I've spent most of my life feeling like I don't belong anywhere. It's a kind of loneliness that goes deeper than just being alone. It's the feeling of being surrounded by people but still feeling completely disconnected, like there's an invisible wall between me and everyone else.
Growing up, I didn't fit in with my own family. The dysfunction at home made me feel like an outsider even in the place I was supposed to call home. I watched other families and wondered what it would be like to feel wanted, to feel like I was part of something. But that feeling never came.
School was no easier. Making friends felt impossible. I would watch other kids laughing together, connecting so naturally, and I couldn't understand how they did it. It was like everyone else had been given instructions on how to be human, how to connect with others, and somehow I missed that day. I felt like an alien observing a species I could never truly join.

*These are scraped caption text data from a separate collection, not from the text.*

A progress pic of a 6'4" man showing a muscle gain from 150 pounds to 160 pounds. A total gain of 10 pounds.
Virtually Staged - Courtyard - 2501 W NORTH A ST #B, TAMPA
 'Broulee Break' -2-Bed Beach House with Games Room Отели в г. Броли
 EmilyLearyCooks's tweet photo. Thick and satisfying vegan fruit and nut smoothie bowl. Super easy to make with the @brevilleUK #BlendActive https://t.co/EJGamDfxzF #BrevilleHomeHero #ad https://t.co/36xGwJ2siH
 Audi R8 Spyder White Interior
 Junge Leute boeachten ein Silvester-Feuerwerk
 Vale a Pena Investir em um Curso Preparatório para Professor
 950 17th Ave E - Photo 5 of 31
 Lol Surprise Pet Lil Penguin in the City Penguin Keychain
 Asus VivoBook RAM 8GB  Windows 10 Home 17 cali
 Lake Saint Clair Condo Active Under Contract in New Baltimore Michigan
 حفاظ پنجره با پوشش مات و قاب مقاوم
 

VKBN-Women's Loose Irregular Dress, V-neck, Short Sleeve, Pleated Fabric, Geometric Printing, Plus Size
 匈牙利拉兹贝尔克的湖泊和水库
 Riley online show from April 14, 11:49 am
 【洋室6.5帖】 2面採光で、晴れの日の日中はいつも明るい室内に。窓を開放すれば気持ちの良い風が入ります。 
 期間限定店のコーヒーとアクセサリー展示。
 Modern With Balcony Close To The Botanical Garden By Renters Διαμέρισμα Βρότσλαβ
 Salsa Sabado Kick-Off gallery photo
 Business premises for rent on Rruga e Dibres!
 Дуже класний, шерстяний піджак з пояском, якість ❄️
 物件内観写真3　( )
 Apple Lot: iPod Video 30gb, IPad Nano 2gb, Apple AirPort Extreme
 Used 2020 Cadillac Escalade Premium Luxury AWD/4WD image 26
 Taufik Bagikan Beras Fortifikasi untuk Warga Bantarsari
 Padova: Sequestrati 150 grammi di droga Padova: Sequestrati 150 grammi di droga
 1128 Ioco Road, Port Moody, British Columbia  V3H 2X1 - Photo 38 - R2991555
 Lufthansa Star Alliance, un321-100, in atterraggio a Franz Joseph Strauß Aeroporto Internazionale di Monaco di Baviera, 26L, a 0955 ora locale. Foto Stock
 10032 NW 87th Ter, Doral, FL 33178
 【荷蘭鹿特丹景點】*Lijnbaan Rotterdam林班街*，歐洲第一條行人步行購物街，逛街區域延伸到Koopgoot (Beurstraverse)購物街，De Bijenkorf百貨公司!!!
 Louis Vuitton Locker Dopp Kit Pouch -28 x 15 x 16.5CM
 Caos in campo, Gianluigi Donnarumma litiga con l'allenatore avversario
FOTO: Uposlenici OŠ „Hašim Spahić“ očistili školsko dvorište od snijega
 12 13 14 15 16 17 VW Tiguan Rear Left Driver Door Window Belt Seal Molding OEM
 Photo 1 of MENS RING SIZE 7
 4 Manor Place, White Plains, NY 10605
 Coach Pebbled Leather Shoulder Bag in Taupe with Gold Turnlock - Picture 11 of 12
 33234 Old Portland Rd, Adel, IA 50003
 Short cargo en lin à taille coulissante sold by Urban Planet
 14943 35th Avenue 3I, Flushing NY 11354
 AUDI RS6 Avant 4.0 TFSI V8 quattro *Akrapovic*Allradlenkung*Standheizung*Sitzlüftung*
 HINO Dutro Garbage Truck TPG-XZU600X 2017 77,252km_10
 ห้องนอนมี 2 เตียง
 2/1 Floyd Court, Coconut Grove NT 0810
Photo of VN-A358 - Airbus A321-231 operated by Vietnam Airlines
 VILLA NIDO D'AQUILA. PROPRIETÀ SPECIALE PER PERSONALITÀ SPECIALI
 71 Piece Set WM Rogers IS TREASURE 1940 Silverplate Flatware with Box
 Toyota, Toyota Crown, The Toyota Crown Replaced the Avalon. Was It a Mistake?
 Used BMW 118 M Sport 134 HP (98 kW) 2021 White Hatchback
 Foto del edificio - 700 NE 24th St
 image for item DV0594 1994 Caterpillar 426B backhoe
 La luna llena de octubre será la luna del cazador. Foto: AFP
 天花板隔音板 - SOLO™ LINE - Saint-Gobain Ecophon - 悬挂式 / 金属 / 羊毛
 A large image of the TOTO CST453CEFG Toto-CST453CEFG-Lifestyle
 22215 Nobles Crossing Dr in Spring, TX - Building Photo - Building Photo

The loneliness became so heavy that it hurt. Not the kind of hurt you can point to or explain to a doctor. It's a deep ache that sits in your chest and follows you everywhere. I wanted so desperately to connect with people, to feel like I mattered to someone, but I didn't know how. Every attempt felt awkward and forced.
Even simple things that other people did without thinking twice made me feel strange. Going to a coffee shop alone. Traveling by myself. Activities that should have been enjoyable became reminders of how different I was, how disconnected I felt from the world around me.
People would try to help. They'd say I was just shy or introverted. But it was so much more than that. Shy people can connect when they feel comfortable. Introverts recharge alone but still have meaningful relationships. What I experienced was different. It was like being locked in a room and watching life happen through a window, never able to step through and join in.
The only thing I could truly connect with was my addiction. It filled the void, numbed the pain, and gave me something to hold onto when everything else felt empty. It became my relationship, my comfort, my escape from the unbearable feeling of not belonging anywhere or to anyone.
I tried therapy over the years. Therapists would listen, and I could see the sympathy in their eyes. They felt sorry for me, which somehow made it worse. They wanted to help, but even they didn't seem to know how to treat what was really wrong. We'd talk about symptoms, behaviours, coping strategies, but the core wound remained untouched. That deep, aching loneliness that shaped everything about how I experienced the world.
No one seemed to truly understand what I was feeling. How do you explain to someone that you feel fundamentally unwanted? That you've never experienced true belonging? That you watch people connect and it looks like magic you'll never be able to perform? The words never seemed adequate to capture the depth of the isolation.
For years, I carried this alone. I thought maybe this was just who I was, that some people are meant to go through life disconnected. I thought maybe I was broken in a way that couldn't be fixed.
But something started to shift when I found 12 step programs. For the first time, I was in rooms full of people who understood a piece of what I'd been carrying. They knew about the addiction, yes, but they also knew about the loneliness underneath it. They understood using something to fill a void that felt bottomless.
Slowly, with the help of these programs and continuing therapy, things began to change. Not overnight, and not in dramatic ways at first. But I started to feel tiny connections forming. I learned that belonging doesn't always look the way I thought it would. Sometimes it starts with just one person who sees you, or a group where you feel slightly less alien than usual.
The work of healing these core wounds is ongoing. Some days I still feel that old familiar loneliness creeping in. I still have moments where I watch people connect and feel like I'm on the outside. But now I have tools, support, and most importantly, hope that connection is possible.
I'm learning that I'm not as alone in this feeling as I thought. There are others who have felt this same deep disconnection, who have wondered if they'd ever truly belong anywhere. And in finding each other, we've started to create the belonging we'd been searching for all along.
If you're reading this and you recognize yourself in these words, I want you to know something: you're not broken beyond repair. The loneliness you feel is real and valid, and it's not your fault. There is help available, and connection is possible, even when it feels impossible. You deserve to belong, to be wanted, to feel connected. It might take time, and it might look different than you imagined, but it is possible.